### WORK ITEM
Restate verbatim the span of lines below between the line with "Children's Spring Grade" and the line with "GN ReSound Match", including those two lines, and only that span.

### DATASET ENTRIES
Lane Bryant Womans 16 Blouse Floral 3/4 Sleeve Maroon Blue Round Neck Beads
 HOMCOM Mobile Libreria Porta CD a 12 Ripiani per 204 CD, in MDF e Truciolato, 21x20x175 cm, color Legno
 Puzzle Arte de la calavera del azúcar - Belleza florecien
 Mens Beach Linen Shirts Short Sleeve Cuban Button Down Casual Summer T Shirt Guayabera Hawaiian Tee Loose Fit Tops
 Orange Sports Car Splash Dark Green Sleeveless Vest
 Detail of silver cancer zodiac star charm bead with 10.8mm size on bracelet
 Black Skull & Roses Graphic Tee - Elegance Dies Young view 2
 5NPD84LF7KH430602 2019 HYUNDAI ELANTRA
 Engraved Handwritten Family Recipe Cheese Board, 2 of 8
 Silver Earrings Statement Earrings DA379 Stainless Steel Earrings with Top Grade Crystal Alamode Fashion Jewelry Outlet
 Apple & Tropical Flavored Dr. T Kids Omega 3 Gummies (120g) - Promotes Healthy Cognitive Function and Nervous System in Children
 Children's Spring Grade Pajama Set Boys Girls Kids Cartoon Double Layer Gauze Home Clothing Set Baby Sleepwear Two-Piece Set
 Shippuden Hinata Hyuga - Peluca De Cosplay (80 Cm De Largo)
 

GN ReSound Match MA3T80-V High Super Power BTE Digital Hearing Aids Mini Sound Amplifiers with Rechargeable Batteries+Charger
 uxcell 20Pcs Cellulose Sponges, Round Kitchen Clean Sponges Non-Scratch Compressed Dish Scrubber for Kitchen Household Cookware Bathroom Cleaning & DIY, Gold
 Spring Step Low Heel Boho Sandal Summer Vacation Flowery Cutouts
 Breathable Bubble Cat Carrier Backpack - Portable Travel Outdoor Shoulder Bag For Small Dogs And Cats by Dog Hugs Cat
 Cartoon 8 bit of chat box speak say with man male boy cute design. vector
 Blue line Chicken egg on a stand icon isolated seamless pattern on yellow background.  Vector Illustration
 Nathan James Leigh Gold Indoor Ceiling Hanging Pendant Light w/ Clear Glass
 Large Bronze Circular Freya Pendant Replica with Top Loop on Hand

### RESPONSE
 Children's Spring Grade Pajama Set Boys Girls Kids Cartoon Double Layer Gauze Home Clothing Set Baby Sleepwear Two-Piece Set
 Shippuden Hinata Hyuga - Peluca De Cosplay (80 Cm De Largo)
 

GN ReSound Match MA3T80-V High Super Power BTE Digital Hearing Aids Mini Sound Amplifiers with Rechargeable Batteries+Charger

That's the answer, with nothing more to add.